Muda sim, muda um pouco. Alguns desses jornalistas, formadores de opinião, relativizam suas críticas, escolhem melhor as palavras. Mas não vejo isso como uma conquista. Mudar de opinião sobre si mesmo só porque alguém de fora pensa assim é algo grave. É uma maneira de lidar com as coisas que só reforça a sensação de que o que vem de fora vale mais. Que a opinião do outro sobre mim tem mais valor do que minha própria percepção. Essa é também uma atitude colonizada.

E a senhora acha que é possível mudar essas posturas tão arraigadas?

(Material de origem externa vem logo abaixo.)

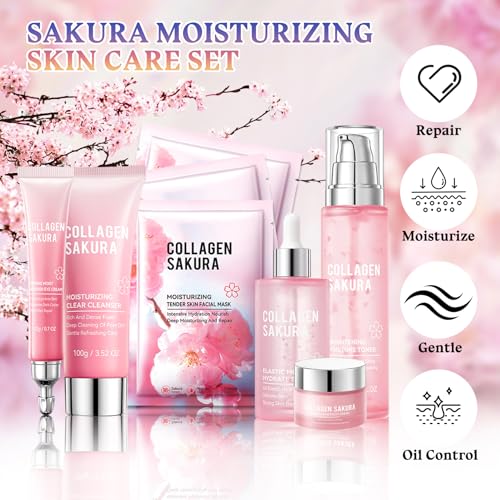 Sakura Skin Care Set,8 Pcs Hydrating Skincare Set Facial Kit for - Product Imagery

Acho que não temos essa obrigação de mudar. Mudar significa deixar de ser quem somos e nos obrigar a inventar um novo predicado. E o Brasil já tem tantos: somo felizes, sensuais, bons de bola, sambistas natos. Menos do que buscar a mudança, acho que o ideal seria buscar a reflexão, o pensamento interrogativo. Um exercício mesmo de se conhecer, de entender a razão das coisas. Talvez brote algo novo dessa reflexão. Talvez não. Só entrando nisso para ver o que acontece. Ou seja não é uma dívida. Não temos nenhuma obrigação de sermos diferentes do que somos. Então a primeira providência é entendermos como somos e quem somos. A segunda é promover uma reflexão a partir de dentro, a partir de diretrizes brasileiras, para conhecer e analisar esses predicados que nos atribuem. E nesse ponto entram a imprensa e a escola, como fomentadores de um exercício de reflexão a partir de dentro. Imagine professores trabalhando isso com crianças e adolescentes, desconstruindo estereótipos, permitindo um pensamento novo, ventilado sobre quem somos. Trabalhar na mídia e na escola é uma ótima maneira de fazer chegar às crianças e aos pais e, assim, à sociedade toda, essa possibilidade de repensar quem somos, em que somos um fracasso, em que somos muito bons. É uma boa forma de debater, afinal, o que é hoje ser brasileiro.